::: Records shown
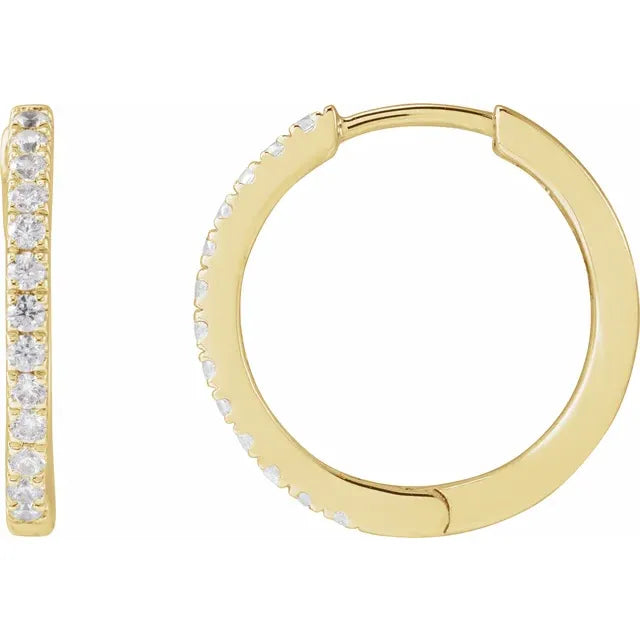 Diamond Hoop Huggie Earrings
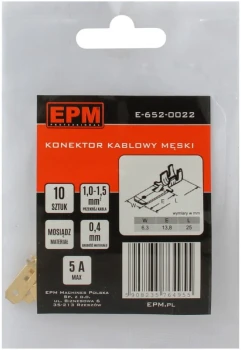 KOŃCÓWKA WSUWANA 1-1.5MM 0 10 SZTUK EPM E-652-0022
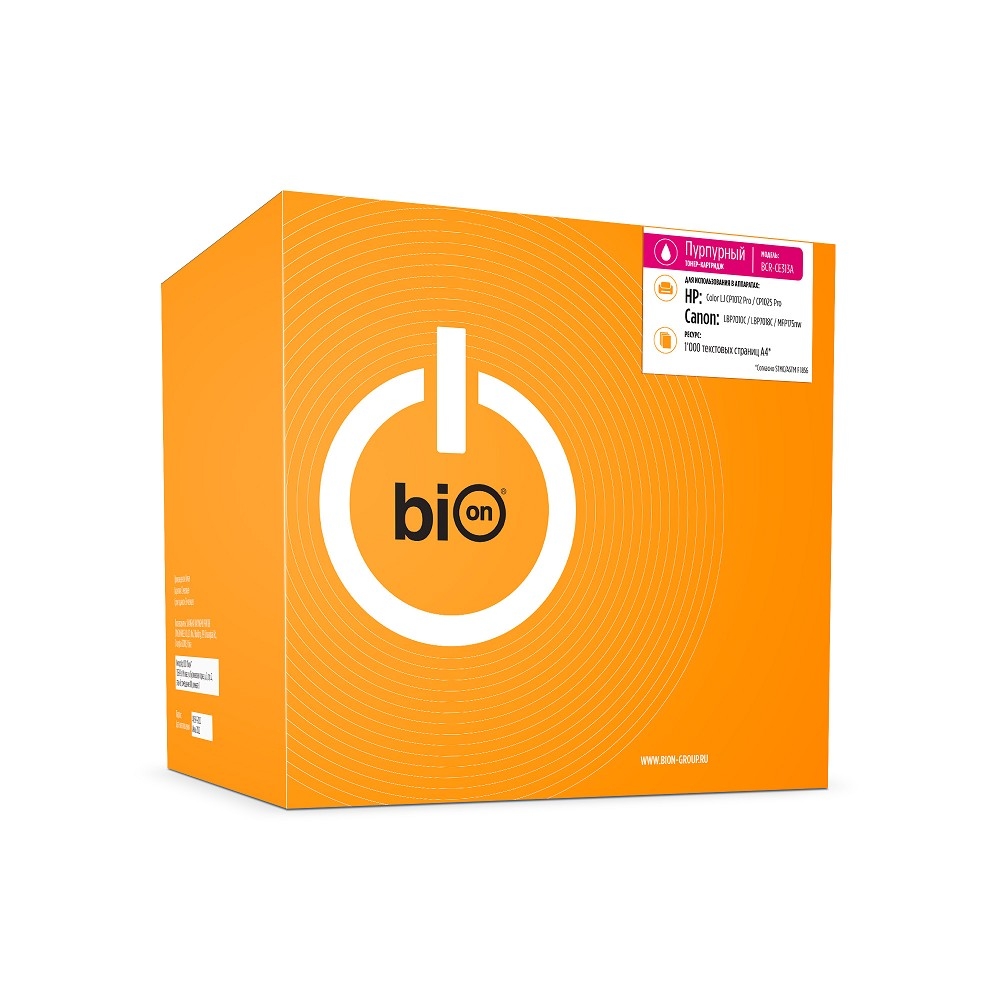 Bion BCR-CE313A Картридж для HP {LaserJet CP1012 Pro/CP1025 Pro; Canon LBP7010C/LBP7018C/MFP175nw }(1000  стр.),Пурпурный, с чипом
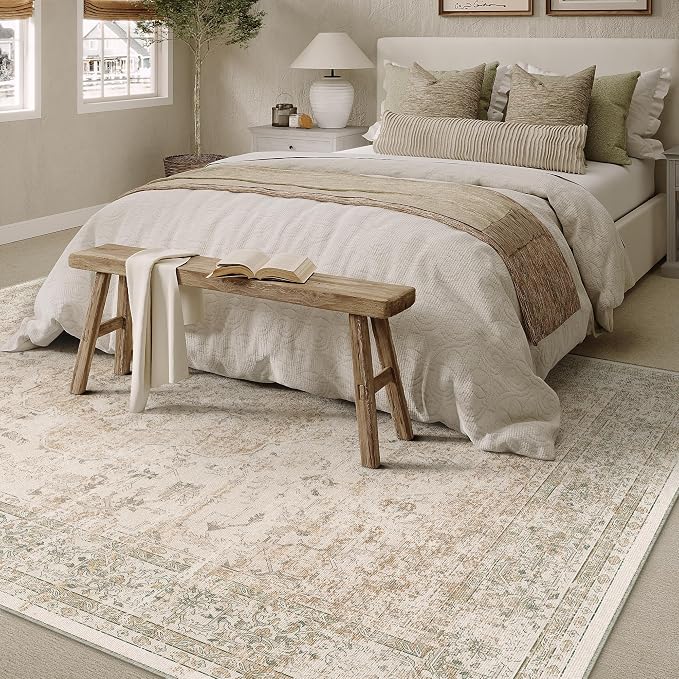 8x10 Washable Area Rug Beige Vintage Distressed Large Rug - Image 6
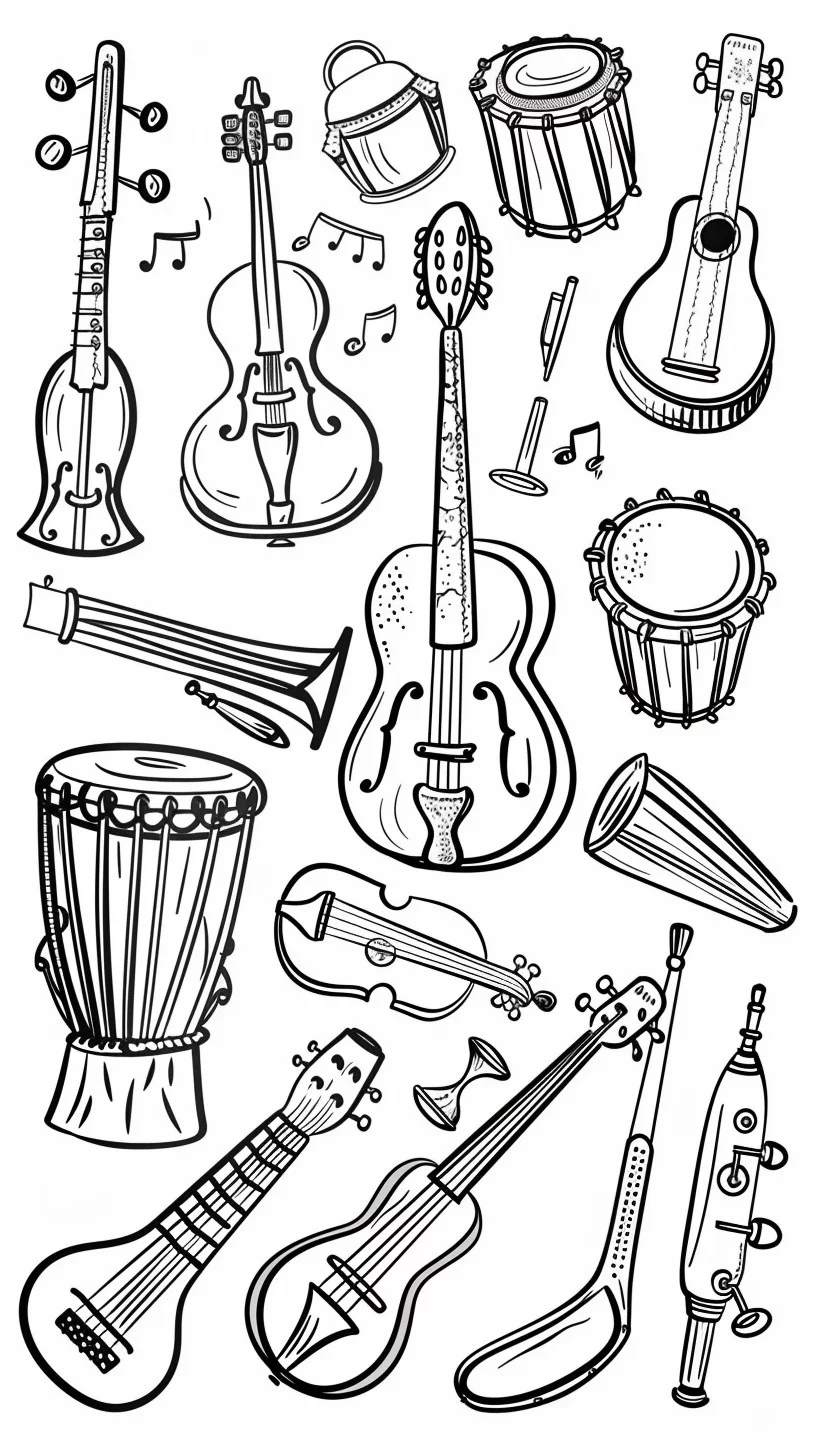 Dibujos para colorear e imprimir Musical Instruments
::::::
** Work instruction **
Make an exact copy of the records above, one that has none of the pictures.

** Written solution **
 Diamond Hoop Huggie Earrings
 KOŃCÓWKA WSUWANA 1-1.5MM 0 10 SZTUK EPM E-652-0022
 Bion BCR-CE313A Картридж для HP {LaserJet CP1012 Pro/CP1025 Pro; Canon LBP7010C/LBP7018C/MFP175nw }(1000  стр.),Пурпурный, с чипом
 8x10 Washable Area Rug Beige Vintage Distressed Large Rug - Image 6
 Dibujos para colorear e imprimir Musical Instruments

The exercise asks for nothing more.